Soil is compacted to prepare it to support roads and building foundations. This increases its density and strength. The American Society for Testing and Materials (ASTM), has issued standards for how to test soil compaction and soil conditions after compaction. These tests determine how much compaction is required to improve the soil's shear strength and permeability.

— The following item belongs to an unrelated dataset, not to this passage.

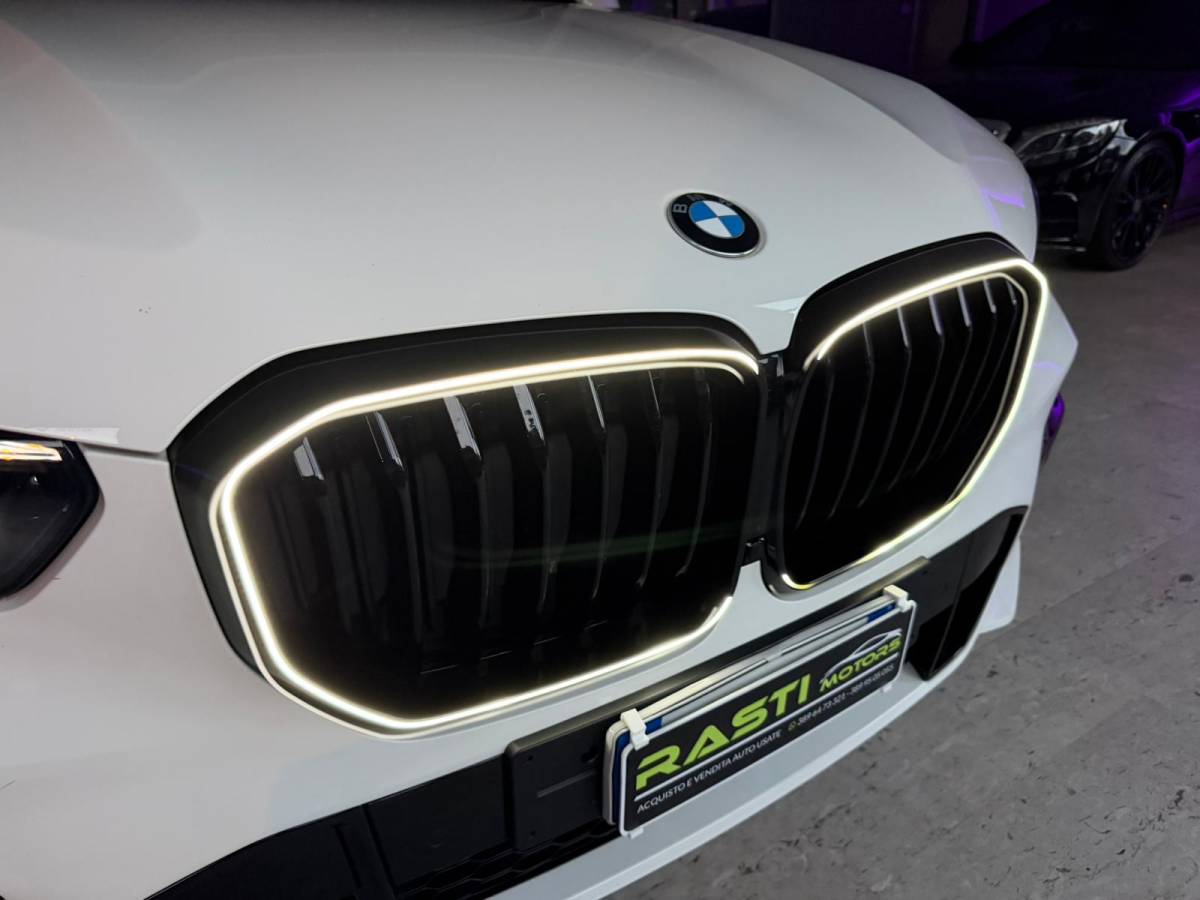 BMW X5 XDRIVE30D 48V M SPORT – 286 CV TAGLIANDI IN CASA MADRE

The original Proctor test uses the "firm stroke" of a hammer called a rammer. According to "Geotechnical Testing, Observation, and Documentation" by Tim Davis, "the standard Proctor utilizes a 5.5 lb. hammer with a 12 inch drop and three layers" of soil in a cylindrical mold. The standard Proctor test creates a force of 12,400 foot pounds per cubic feet when it falls.
Modified Proctor Test
The modified Proctor test uses a heavier hammer, greater drop height, and more soil layers than the original Proctor test. According to "Slope Stability and Stabilization Methods" by Lee Abramson, "ASTM D1557-78 recommends a 44.6 newton (10 pound) rammer with a 457 millimeter (18 inch) drop for compacting five layers of soil in a 102 or 154 mm mold." The modified form of the Proctor test uses a free-drop of the hammer in order to mitigate the variable effects of the "firm stroke" in the original test. The hammer is dropped 25 times. The modified Proctor test creates a force of about 56,000 feet-pounds per cubic foot. According to "Geotechnical Investigation Methods" by Roy Hunt, "materials containing significant amounts of gravel are compacted in a 6 inch diameter mold by 56 blows on each of the five layers." ASTM D4718 defines how to correct the unit weight of soil that contains over-sized particles like gravel.
Dry Weight Determination
After the Proctor test or modified Proctor test is completed, the soil volume and water content are determined. The dry weight of the soil is determined from those values. According to ASTM D1557, "the degree of soil compaction required to achieve the desired engineering properties is often specified as a percentage of the modified maximum dry unit weight." Modified maximum dry unit weight can be determined by procedures in ASTM D698. ASTM D4914 can determine the un-compacted dry unit weight. ASTM D4914 is the test method of finding unit weight of soil using the sand replacement method. ASTM D6913 defines how to determine the particle size distribution via a sieve to determine if correction via ASTM D4718 is necessary.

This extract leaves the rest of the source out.